There is a subtle difference here and I think the difference is is that Chalmers is assuming that consciousness works in the brain; he is a conventional philosopher. Rather he’s a philosopher that’s taking certain assumptions and casting them out onto all existence, with the only proof that it’s apparent. Of course, he is a scientist Of philosophy or something of that sort. His very difficult problem is really like a puzzle, like sudoku or something, really difficult problem to solve – but it will be solved eventually.

And I am not saying that there’s anything wrong with science, but what he’s posing as a philosophical question is really just a scientific question which poses an amount of difficulty. And this is to say that his hard question of consciousness is just a really difficult question to answer but indeed one day science will come up with how it is so.

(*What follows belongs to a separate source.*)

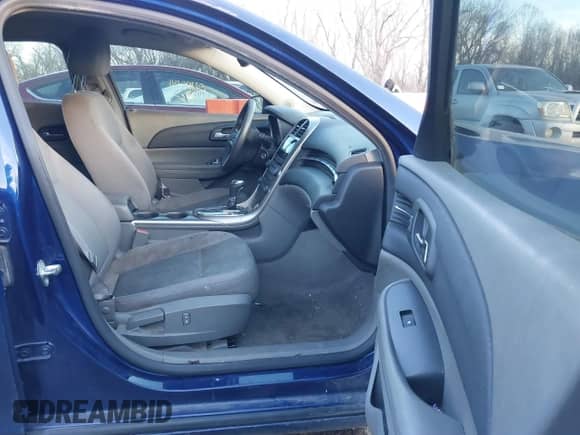 2013 Chevrolet Malibu LS z VIN 1G11A5SA5DU122963, wystawiony jako IAAI lot #41411921 z przebiegiem 193 880 mil mil oraz . Historia ofert i sprzedaży dostępna na DreamBid. Obrazek 5.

But the actual hard problem is why I would think that that explanation that may happen in 10 years or 50 years or 500 years has anything to do with my conscious awareness of the situation as I am talking here into this phone about it. This is not a recourse to subjective experience; in the contrary, Chalmers’ pondering is based in subjectivity. Rather, my hard Problem confronts the nature of reality and thought (subjectivity) as opposed to letting it be given to the common assumption. It is a logistical question. Hard as in solid; not hard as in just inconvenient to a particular thought-world.

If we are to get anywhere, I’d say, at least we need to be less assertive about the commonality of ideas, and more precise and careful about what terms we use to talk about them.